Exercise objective:
Any pictures in the records below must be left out when you repeat the lines from the line containing "2026 Maserati Grecale Modena" through the line containing "Abstract and surreal" exactly.

Supplied material:

######

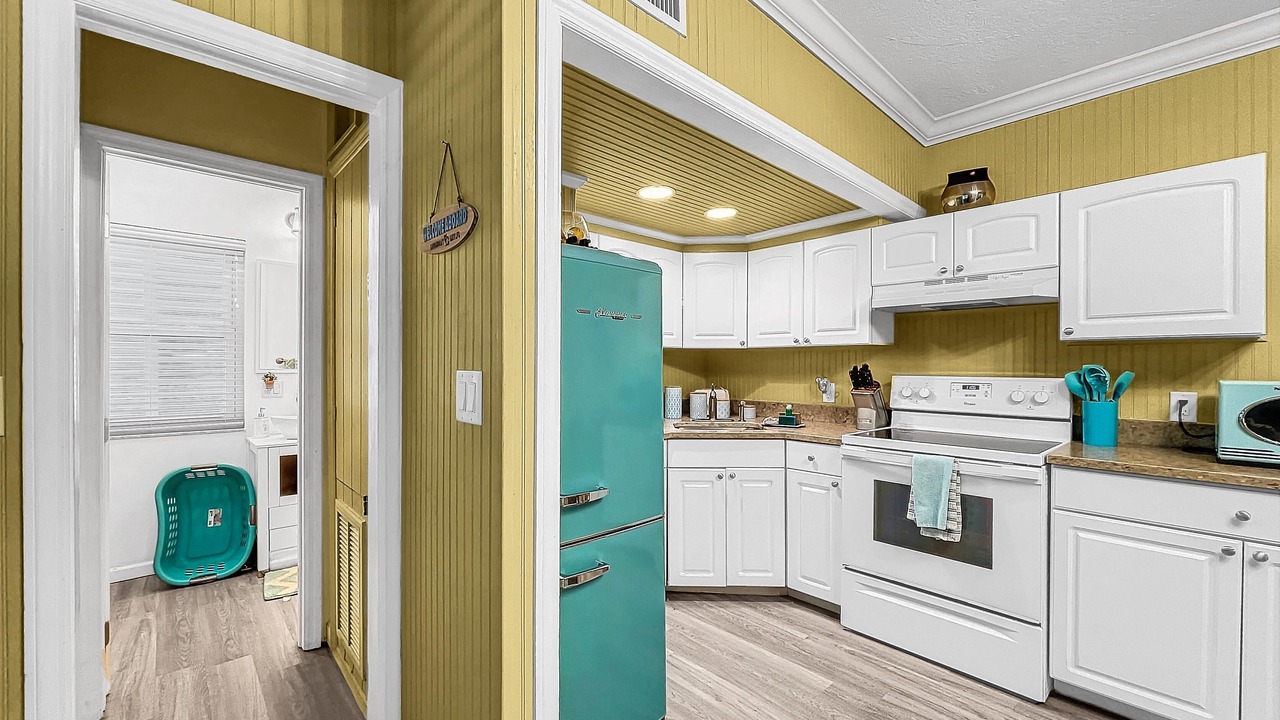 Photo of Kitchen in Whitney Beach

######

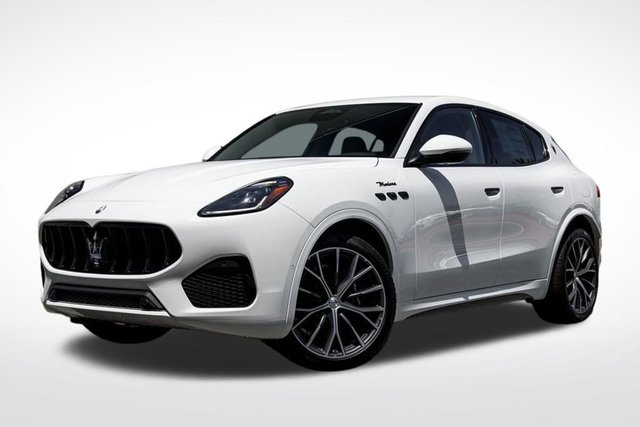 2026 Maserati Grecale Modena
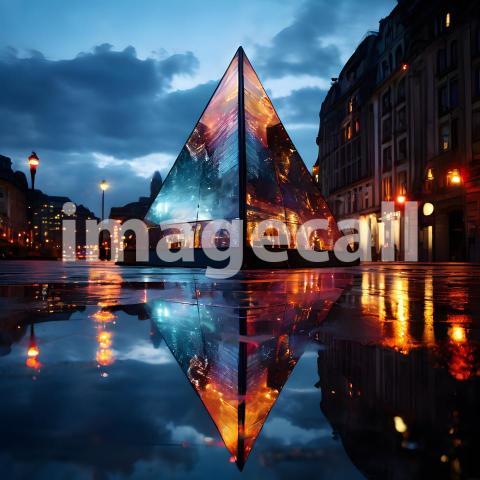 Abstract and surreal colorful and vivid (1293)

######

Solution:
 2026 Maserati Grecale Modena
 Abstract and surreal colorful and vivid (1293)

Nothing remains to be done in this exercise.